The Knudsen number can be used to determine whether the Stokes drag should be modified. For a large Knudsen number,i.e.,the particle sizes are comparable with the mean free path length of the gas molecules,the Cunningham slip correction is usually used to modify the Stokes drag. The relation of wave amplification and wavenumber for different Knudsen numbers Kn and azimuthal modes n is shown in Fig. 12. It can be seen that the variation of wave amplification with Kn depends on the value of Kn. The wave amplification increases with Kn when Kn changes from 0.5 to 1,while decreases with Kn when Kn changes from 1 to 2. There exists a turning point Kn_c (Kn_c=1 for Re=1 000,B=5,Z=0.3,and St=1),at which the value of wave amplification is the largest,i.e.,the flow is most unstable. Because Kn is related to the mean free path length of the gas molecules and the particle diameter,while the former usually remains unchanged,it implies that there exists a particle size with which the flow is most unstable. Comparing Figs. 12(a) and 12(b),one can find that the perturbation with the first azimuthal mode makes the flow unstable more easily than that with axisymmetric azimuthal mode when Kn is the same. The regions of perturbation wavenumber making the flow unstable are almost the same for n=0 and n=1. For n=0,the region of wavenumber corresponding to the maximum of wave amplification is in the interval (0.5,1.0) when Kn varies from 0 to 2, while the corresponding interval is (0.2,0.5) for n=1.
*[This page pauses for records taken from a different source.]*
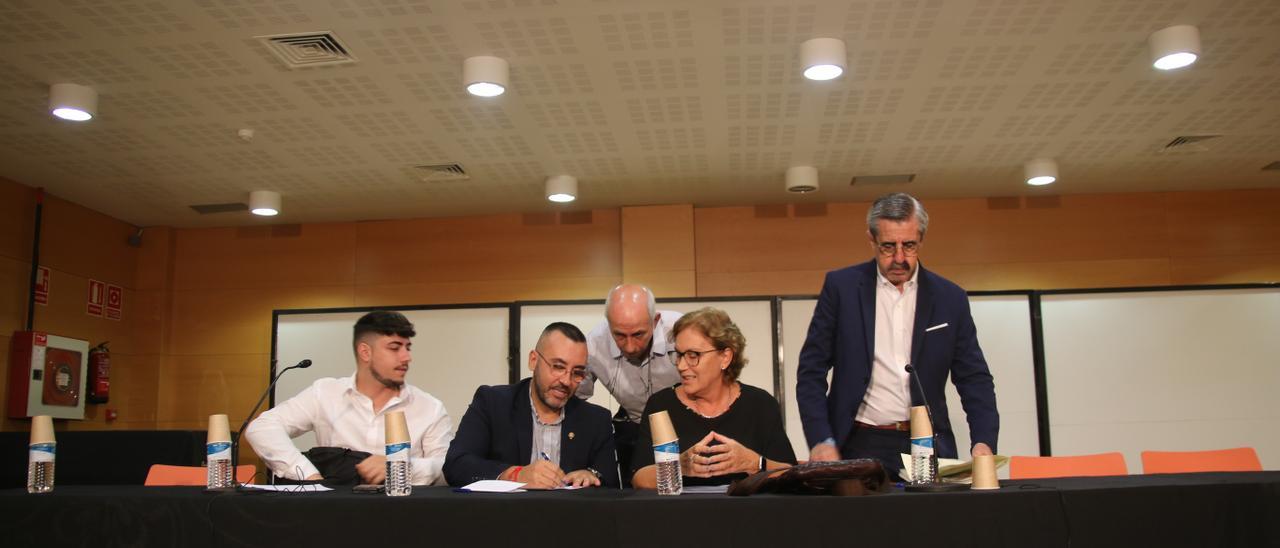 Alcaldes, representantes de la Federación de Municipios y Provincias, del ‘bou al carrer’ y de la Generalitat valenciana se reunieron ayer en Burriana.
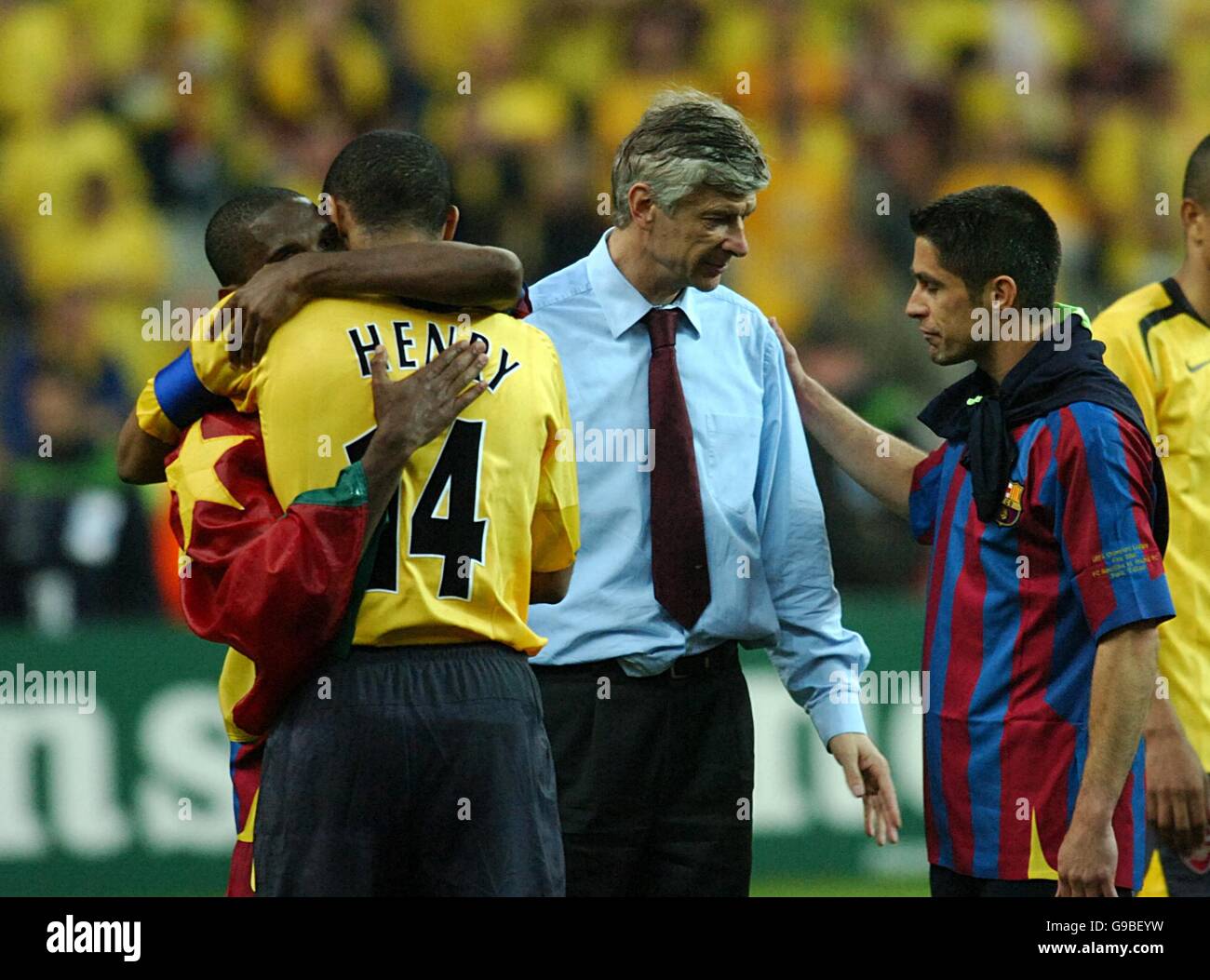 Arsenal's Thierry Henry is consoled by Barcelona's Samuel Eto'o (l) as Arsene Wenger chats with former Arsenal defender Silvio Sylvinho Stock Photo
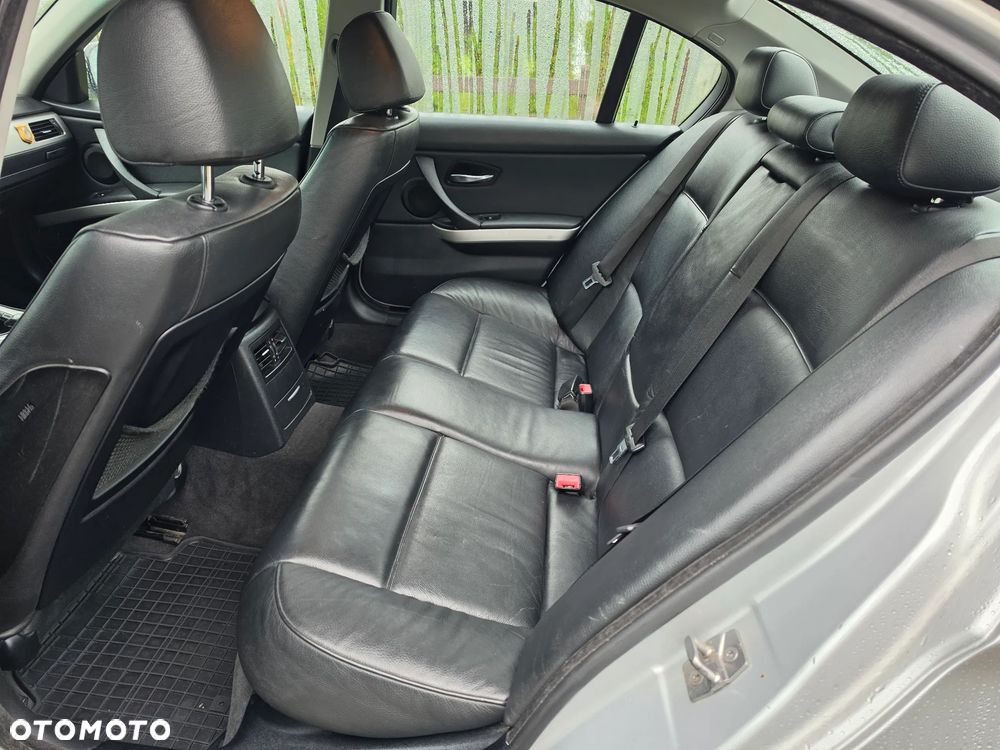 BMW Seria 3 320d - 12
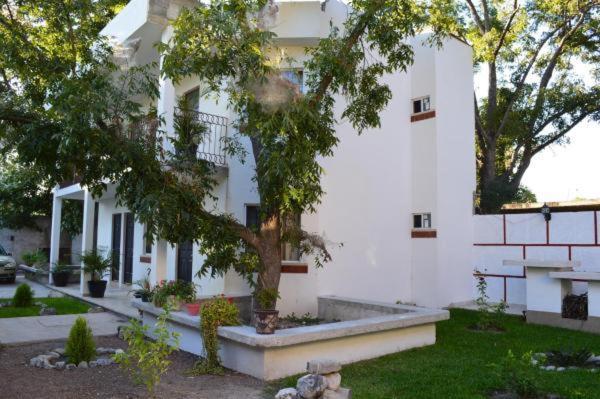 Hospedaje Parras ปาร์ราส เด ลา ฟอนเต ภายนอก รูปภาพ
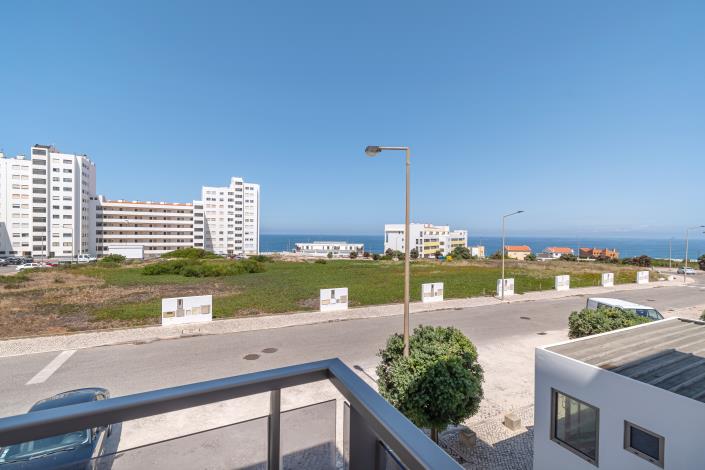 Image No.8-3 Bed Apartment for sale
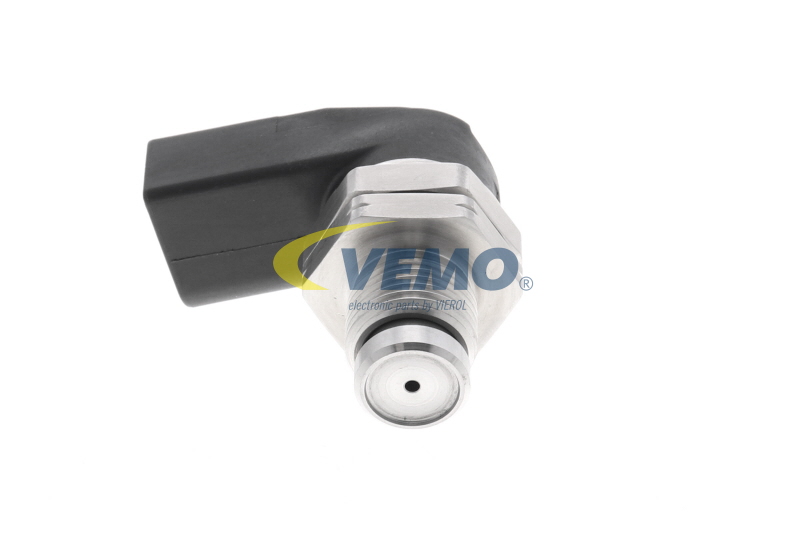VEMO V20-72-5246 Датчик, налягане на горивото BMW X5 (E53) 211 K.C. дизел цена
Figure 13 shows the wave amplification as a function of Kn for different azimuthal modes of perturbation. The wave amplification decreases first and then increases with the increase of Kn,and the minimum of wave amplification appears around Kn=1.

5 Conclusions

An analysis for the hydrodynamic instability of nanofluids in a jet flow is performed. The instability equations are derived and solved numerically. Some present results are compared with the available theoretical results. The effects of shape factors of the velocity profile,Reynolds number,particle loading,Knudsen number,and Stokes number on the flow instability are analyzed. The main conclusions can be summarized as follows.

(Ⅰ) The presence of nanoparticles suppresses the flow instability. There exists a critical particle loading beyond which the flow is stable. As the shape factor of the velocity profile and the Reynolds number are increased,the perturbation wave amplification and the region of wavenumber making the flow unstable increase so that the flow becomes more unstable. However,as the particle mass loading is increased,the wave amplification and the region of wavenumber making the flow unstable decrease so that the flow becomes more stable. The wavenumber corresponding to the maximum of wave amplification becomes large with the increase of the shape factor of the velocity profile and with the decrease of the particle mass loading and the Reynolds number.

(Ⅱ) The variations of wave amplification with Stokes number and Knudsen number depend on the values of the Stokes number and the Knudsen number,respectively. There exists a turning point of the Knudsen number Kn_c and the Stokes number St_c. The flow is relatively stable and most unstable when St_c=1 and Kn_c=1,respectively,when other parameters remain unchanged.

(Ⅲ) The perturbation with the first azimuthal mode makes the flow unstable more easily than that with the axisymmetric azimuthal mode. The wavenumbers corresponding to the maximum of wave amplification are more concentrated for the perturbation with the axisymmetric azimuthal mode.